Tim Colebatch says that the government is not doing those on welfare a favour by ordering them "to start looking for jobs while doing nothing to help them tackle the shortfalls in basic skills, qualifications, attitude, whatever stopped them having a job in the first place." He says that true welfare reform is expensive as any savings from pushing some new applicants for disability or sole-parent benefits onto the cheaper unemployment benefit are far outweighed by the cost of support measures with which the Government plans to help them back into work, rising to $250 million a year by 2008-09.
He adds:
Australia's welfare safety net has not been acting as a springboard because we have not invested the money to make it work that way. In its small way, this welfare reform is a breakthrough, and hopefully a step to a new future where we will train our own workers rather than leaving 15 per cent of prime working-age men without a job and pinching skilled workers from poor countries.
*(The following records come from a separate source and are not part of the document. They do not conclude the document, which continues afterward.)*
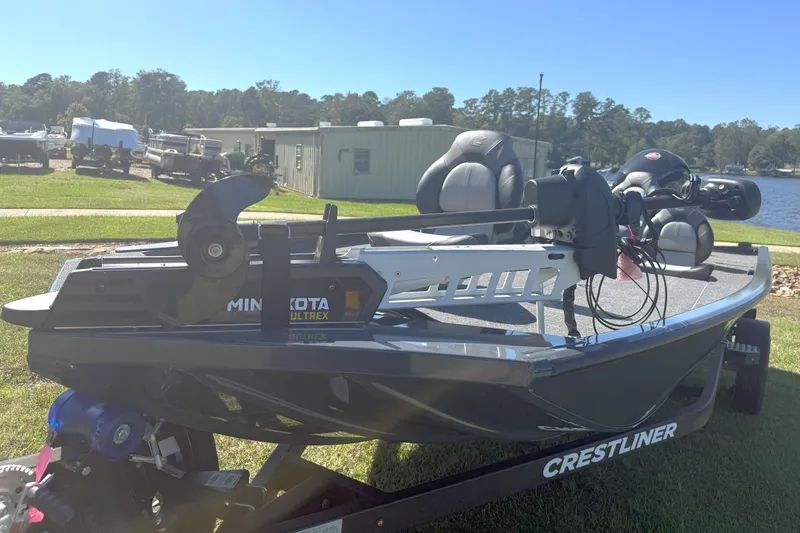 Slide: The Image of Crestliner XF189 BASS 2026 - 7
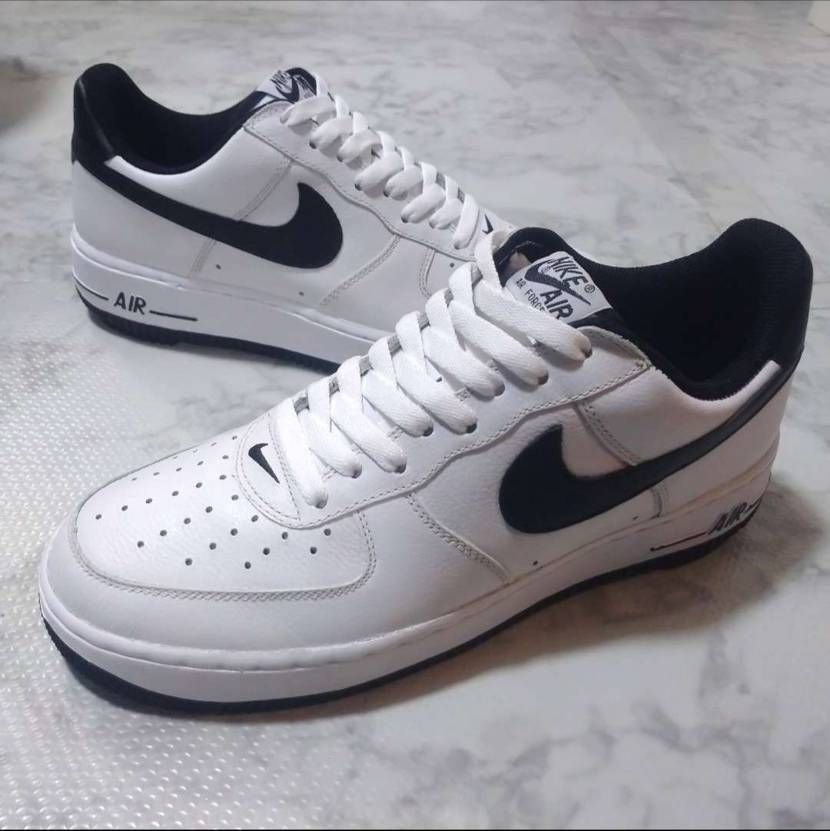 こんちわ。
皆さんは、初めて自分で稼いだお金で購入したスニーカーって覚えてます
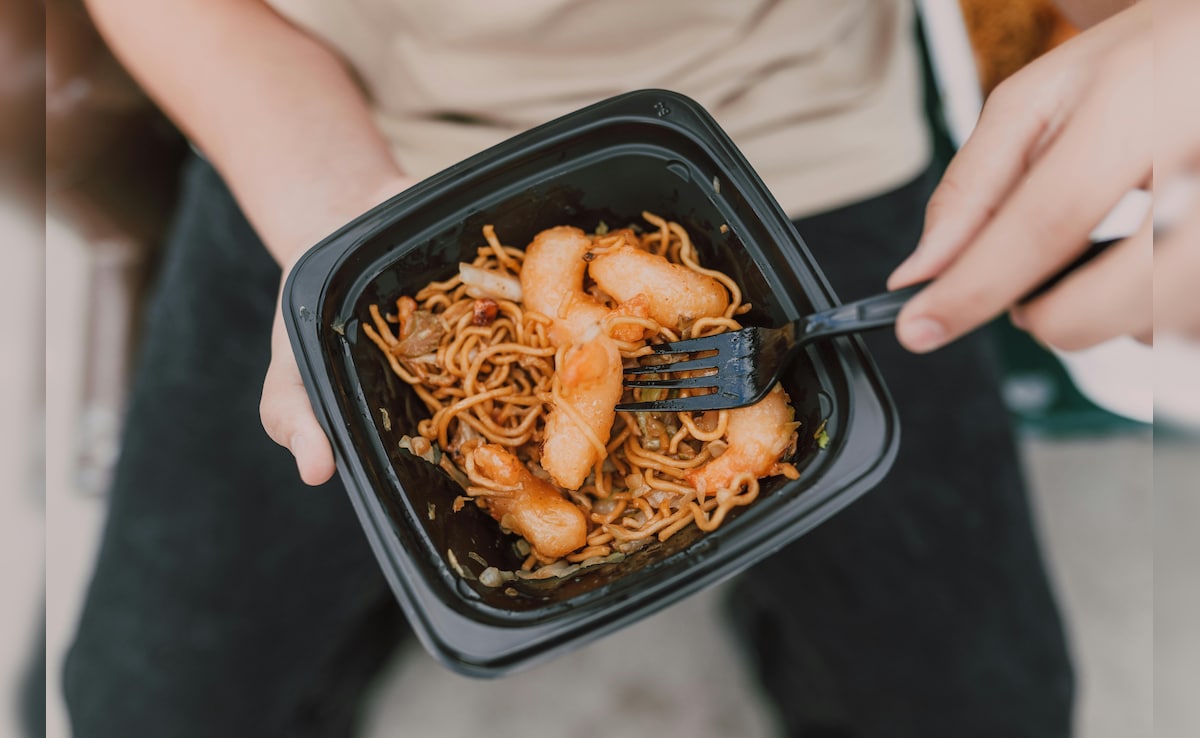 काले प्लास्टिक के डिब्बों में क्या आ रहा आपका ऑनलाइन खाना? पड़ सकता है सेहत को भारी!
Costello and Howard's basic politics is about addressing the concerns of the middle class--Menzies' forgotten people. But they lacked the courage to resolutely address the long-term structural reforms needed to deal with a slowing world economy, burgeoning current account deficits, capacity constraints and slowing economic growth.
What then is Costello doing to make the Australian economy more productive, more resilent to future overseas shocks, better able to deal with the problems of an aging population and more ecologically sustainable?
|
I think the answer is... precious bloody little!